Circulation-cardiovascular Interventions | 2014
Fumiyuki Otsuka; Erica Pacheco; Laura Perkins; Jennifer P. Lane; Qing Wang; Marika Kamberi; Michael Frie; Jin Wang; Kenichi Sakakura; Kazuyuki Yahagi; Elena Ladich; Richard Rapoza; Frank D. Kolodgie; Renu Virmani
Background—The Absorb everolimus-eluting bioresorbable vascular scaffold (Absorb) has shown promising clinical results; however, only limited preclinical data have been published. We sought to investigate detailed pathological responses to the Absorb versus XIENCE V (XV) in a porcine coronary model with duration of implant extending from 1 to 42 months. Methods and Results—A total of 335 devices (263 Absorb and 72 XV) were implanted in 2 or 3 main coronary arteries of 136 nonatherosclerotic swine and examined by light microscopy, scanning electron microscopy, pharmacokinetics, and gel permeation chromatography analyses at various time points.

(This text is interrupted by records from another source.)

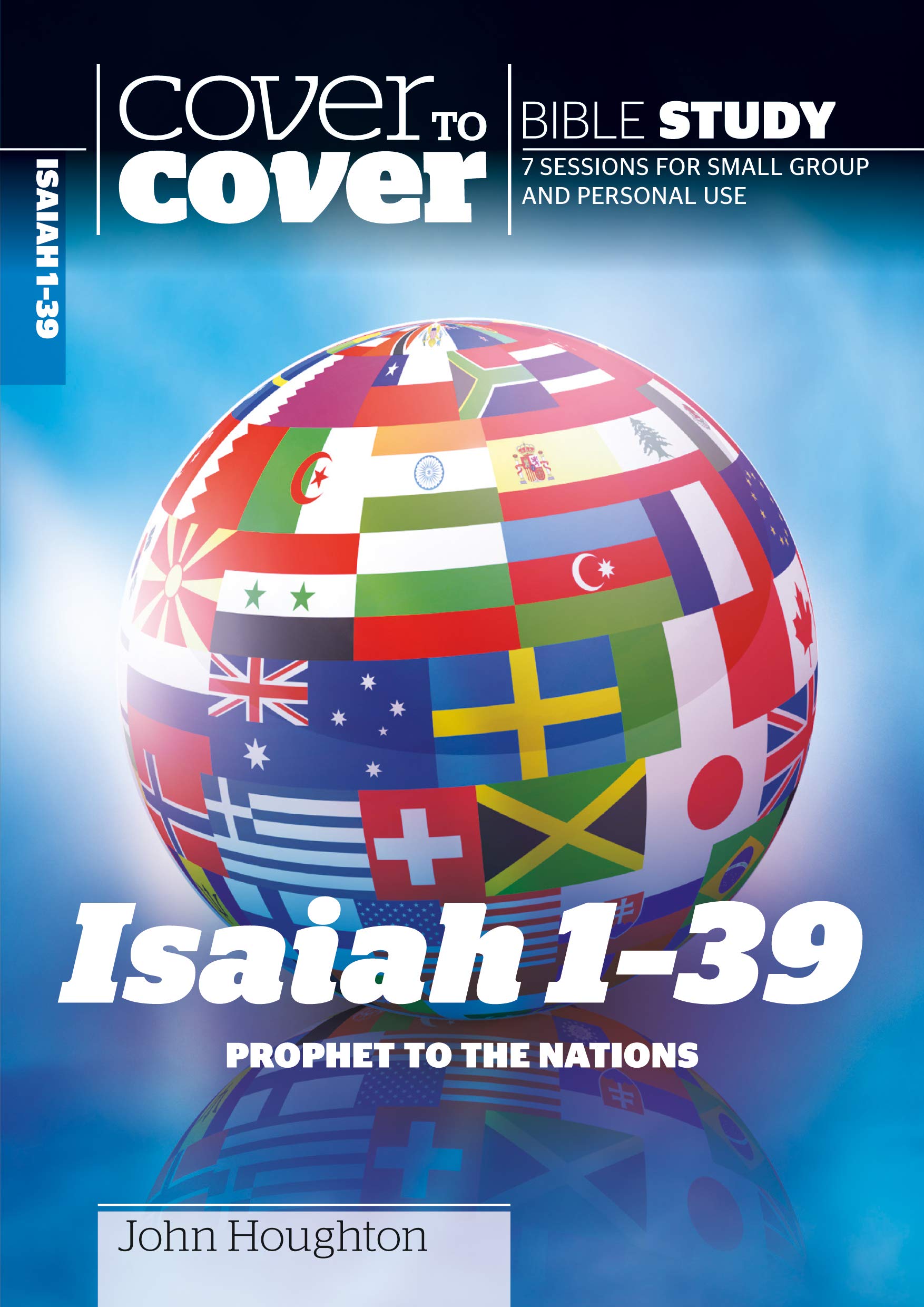 Cover to Cover: Isaiah 1-39: Prophet to the Nations (Cover to Cover Bible Study Guides)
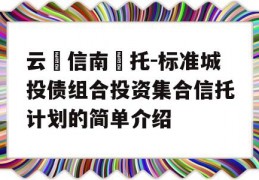 云‮信南‬托-标准城投债组合投资集合信托计划的简单介绍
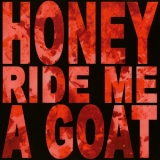 Honey Ride Me A Goat - Udders '2010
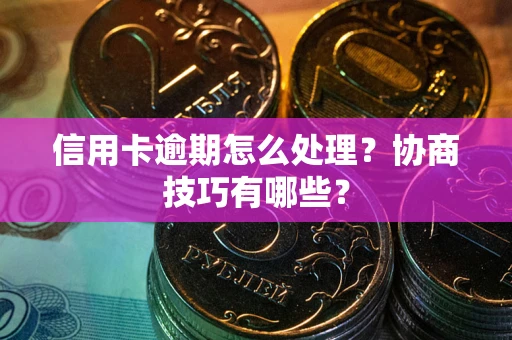 济南信用卡逾期怎么处理？协商技巧有哪些？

Vascular responses to Absorb and XV were largely comparable at all time points, with struts being sequestered within the neointima. Inflammation was mild to moderate (with absence of inflammation at 1 month) for both devices, although the scores were greater in Absorb at 6 to 36 months. Percent area stenosis was significantly greater in Absorb than XV at all time points except at 3 months. The extent of fibrin deposition was similar between Absorb and XV, which peaked at 1 month and decreased rapidly thereafter. Histomorphometry showed expansile remodeling of Absorb-implanted arteries starting after 12 months, and lumen area was significantly greater in Absorb than XV at 36 and 42 months. These changes correlated with dismantling of Absorb seen after 12 months. Gel permeation chromatography analysis confirmed that degradation of Absorb was complete by 36 months. Conclusions—Absorb demonstrates comparable long-term safety to XV in porcine coronary arteries with mild to moderate inflammation. Although Absorb was associated with greater percent stenosis relative to XV, expansile remodeling was observed after 12 months in Absorb with significantly greater lumen area at ≥36 months. Resorption is considered complete at 36 months.